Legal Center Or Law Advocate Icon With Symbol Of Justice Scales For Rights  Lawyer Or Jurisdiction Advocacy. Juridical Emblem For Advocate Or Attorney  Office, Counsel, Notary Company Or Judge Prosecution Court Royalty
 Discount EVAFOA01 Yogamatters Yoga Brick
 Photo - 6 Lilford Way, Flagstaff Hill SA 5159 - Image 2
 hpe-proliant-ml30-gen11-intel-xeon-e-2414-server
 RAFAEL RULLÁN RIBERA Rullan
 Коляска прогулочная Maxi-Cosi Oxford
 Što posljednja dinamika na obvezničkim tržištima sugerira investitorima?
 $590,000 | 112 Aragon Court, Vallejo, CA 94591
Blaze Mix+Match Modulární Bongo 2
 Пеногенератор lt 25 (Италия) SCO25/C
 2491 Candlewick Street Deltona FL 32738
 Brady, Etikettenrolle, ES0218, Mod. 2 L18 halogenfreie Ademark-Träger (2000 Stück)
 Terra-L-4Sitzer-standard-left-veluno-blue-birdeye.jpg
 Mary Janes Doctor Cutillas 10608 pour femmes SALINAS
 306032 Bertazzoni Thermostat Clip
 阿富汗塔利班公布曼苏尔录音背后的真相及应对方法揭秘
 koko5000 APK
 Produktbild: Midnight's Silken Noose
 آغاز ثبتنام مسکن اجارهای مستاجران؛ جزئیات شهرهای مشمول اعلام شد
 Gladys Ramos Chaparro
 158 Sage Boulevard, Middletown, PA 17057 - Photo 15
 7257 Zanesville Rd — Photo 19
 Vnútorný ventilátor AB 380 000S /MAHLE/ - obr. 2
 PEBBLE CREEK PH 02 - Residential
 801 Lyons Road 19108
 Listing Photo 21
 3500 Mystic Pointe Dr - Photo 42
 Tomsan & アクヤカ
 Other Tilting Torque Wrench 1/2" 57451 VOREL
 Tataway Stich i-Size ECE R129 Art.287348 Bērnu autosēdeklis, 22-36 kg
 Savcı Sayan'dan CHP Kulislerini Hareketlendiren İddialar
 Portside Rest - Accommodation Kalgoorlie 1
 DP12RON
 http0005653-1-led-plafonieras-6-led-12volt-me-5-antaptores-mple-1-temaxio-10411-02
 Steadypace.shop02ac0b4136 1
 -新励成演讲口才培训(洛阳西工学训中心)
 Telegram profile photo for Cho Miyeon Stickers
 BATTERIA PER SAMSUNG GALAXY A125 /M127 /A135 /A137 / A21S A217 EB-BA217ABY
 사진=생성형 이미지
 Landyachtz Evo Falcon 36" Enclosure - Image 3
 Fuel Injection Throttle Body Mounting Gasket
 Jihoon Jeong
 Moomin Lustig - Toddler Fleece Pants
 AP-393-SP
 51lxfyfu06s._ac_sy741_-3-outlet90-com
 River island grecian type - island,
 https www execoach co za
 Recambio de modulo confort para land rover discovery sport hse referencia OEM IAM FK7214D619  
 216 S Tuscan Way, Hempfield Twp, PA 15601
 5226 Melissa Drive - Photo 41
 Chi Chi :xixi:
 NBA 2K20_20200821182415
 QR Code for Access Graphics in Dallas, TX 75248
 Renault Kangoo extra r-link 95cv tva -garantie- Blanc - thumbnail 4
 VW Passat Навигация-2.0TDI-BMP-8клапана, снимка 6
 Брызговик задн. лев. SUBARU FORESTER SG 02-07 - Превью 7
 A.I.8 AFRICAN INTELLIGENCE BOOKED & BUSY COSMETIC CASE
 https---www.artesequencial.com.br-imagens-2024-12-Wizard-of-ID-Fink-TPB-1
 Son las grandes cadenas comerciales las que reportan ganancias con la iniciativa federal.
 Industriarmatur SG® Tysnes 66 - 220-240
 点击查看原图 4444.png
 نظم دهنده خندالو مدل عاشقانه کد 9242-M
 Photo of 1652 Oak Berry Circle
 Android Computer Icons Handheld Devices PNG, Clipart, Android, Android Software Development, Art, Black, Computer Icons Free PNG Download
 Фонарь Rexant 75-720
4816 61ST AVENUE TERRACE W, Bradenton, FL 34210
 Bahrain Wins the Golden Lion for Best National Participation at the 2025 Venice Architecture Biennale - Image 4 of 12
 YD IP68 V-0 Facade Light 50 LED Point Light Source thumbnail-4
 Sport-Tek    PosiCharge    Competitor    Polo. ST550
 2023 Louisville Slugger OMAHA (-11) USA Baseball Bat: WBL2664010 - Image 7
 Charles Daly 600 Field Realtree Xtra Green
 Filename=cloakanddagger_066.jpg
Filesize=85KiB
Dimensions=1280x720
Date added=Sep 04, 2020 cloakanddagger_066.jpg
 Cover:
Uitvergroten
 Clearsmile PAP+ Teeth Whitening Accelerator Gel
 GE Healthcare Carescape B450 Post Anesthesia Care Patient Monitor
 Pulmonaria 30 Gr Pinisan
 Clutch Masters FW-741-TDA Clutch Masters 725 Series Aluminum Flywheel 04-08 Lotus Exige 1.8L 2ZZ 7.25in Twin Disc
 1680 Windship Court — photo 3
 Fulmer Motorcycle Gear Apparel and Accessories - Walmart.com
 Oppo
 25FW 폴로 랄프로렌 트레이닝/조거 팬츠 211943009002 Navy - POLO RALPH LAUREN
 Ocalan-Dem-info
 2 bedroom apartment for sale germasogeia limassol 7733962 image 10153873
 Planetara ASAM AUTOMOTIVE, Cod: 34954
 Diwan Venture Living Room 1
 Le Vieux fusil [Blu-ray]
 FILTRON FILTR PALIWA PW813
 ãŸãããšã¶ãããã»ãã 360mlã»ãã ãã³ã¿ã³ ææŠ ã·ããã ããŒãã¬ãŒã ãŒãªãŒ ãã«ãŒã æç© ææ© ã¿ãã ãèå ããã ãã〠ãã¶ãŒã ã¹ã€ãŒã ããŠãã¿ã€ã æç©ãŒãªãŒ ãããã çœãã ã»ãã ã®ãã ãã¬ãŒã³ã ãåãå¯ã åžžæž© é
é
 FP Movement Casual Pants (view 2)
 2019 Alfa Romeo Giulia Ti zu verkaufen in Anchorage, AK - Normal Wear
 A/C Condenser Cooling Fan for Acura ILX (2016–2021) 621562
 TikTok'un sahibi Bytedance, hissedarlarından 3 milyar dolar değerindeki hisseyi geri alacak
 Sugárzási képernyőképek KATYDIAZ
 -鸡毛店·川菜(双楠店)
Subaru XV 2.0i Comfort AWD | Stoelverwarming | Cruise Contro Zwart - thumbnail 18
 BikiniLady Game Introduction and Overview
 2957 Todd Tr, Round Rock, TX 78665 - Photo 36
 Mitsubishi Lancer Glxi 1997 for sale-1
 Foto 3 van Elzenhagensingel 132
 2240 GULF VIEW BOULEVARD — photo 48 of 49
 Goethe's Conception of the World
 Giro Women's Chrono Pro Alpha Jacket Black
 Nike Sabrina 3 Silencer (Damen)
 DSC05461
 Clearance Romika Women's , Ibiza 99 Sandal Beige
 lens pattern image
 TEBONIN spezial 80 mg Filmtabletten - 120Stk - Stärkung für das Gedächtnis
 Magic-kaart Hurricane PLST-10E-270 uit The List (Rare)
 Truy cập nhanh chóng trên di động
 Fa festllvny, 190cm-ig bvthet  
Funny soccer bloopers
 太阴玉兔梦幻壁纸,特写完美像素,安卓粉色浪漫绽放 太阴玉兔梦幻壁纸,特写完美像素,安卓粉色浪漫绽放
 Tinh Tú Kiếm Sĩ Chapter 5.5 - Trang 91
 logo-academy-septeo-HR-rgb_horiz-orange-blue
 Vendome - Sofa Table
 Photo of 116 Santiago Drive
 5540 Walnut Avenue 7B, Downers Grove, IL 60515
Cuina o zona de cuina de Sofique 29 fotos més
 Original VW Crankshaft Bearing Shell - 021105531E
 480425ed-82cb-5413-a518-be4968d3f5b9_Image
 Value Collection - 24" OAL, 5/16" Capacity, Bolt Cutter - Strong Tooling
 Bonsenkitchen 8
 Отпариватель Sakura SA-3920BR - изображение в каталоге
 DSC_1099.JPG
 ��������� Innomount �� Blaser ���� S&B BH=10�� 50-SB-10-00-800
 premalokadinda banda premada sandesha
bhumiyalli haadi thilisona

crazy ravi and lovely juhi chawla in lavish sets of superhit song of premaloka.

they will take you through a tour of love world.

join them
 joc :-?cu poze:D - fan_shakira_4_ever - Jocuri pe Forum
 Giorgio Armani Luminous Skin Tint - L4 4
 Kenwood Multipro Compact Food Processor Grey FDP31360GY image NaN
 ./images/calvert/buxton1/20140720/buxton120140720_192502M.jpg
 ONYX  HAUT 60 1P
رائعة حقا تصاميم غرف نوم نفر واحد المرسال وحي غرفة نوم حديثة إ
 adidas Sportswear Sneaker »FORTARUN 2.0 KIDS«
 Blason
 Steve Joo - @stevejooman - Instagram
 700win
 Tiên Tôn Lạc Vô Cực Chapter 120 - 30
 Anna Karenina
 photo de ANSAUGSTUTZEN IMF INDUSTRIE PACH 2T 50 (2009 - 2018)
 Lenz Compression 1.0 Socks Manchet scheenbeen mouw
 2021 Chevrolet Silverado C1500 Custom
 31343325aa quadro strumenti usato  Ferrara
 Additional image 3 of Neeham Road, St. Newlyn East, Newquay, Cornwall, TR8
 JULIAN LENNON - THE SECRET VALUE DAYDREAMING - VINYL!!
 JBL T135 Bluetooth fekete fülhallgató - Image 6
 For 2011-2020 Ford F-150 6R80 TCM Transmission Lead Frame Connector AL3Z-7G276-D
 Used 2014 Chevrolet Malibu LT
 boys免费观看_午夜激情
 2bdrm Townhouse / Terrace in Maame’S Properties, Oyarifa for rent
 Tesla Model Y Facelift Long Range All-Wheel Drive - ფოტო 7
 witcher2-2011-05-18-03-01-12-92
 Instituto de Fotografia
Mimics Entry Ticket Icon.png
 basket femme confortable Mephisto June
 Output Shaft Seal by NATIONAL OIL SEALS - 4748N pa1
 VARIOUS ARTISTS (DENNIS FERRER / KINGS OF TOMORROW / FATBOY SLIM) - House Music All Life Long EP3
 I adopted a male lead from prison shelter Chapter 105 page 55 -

§ Work request
Using only the listing above, restate exactly the lines from the line containing "Goethe's Conception of the World" through the line containing "Photo of 116 Santiago Drive", both included.

§ Answer box
 Goethe's Conception of the World
 Giro Women's Chrono Pro Alpha Jacket Black
 Nike Sabrina 3 Silencer (Damen)
 DSC05461
 Clearance Romika Women's , Ibiza 99 Sandal Beige
 lens pattern image
 TEBONIN spezial 80 mg Filmtabletten - 120Stk - Stärkung für das Gedächtnis
 Magic-kaart Hurricane PLST-10E-270 uit The List (Rare)
 Truy cập nhanh chóng trên di động
 Fa festllvny, 190cm-ig bvthet  
Funny soccer bloopers
 太阴玉兔梦幻壁纸,特写完美像素,安卓粉色浪漫绽放 太阴玉兔梦幻壁纸,特写完美像素,安卓粉色浪漫绽放
 Tinh Tú Kiếm Sĩ Chapter 5.5 - Trang 91
 logo-academy-septeo-HR-rgb_horiz-orange-blue
 Vendome - Sofa Table
 Photo of 116 Santiago Drive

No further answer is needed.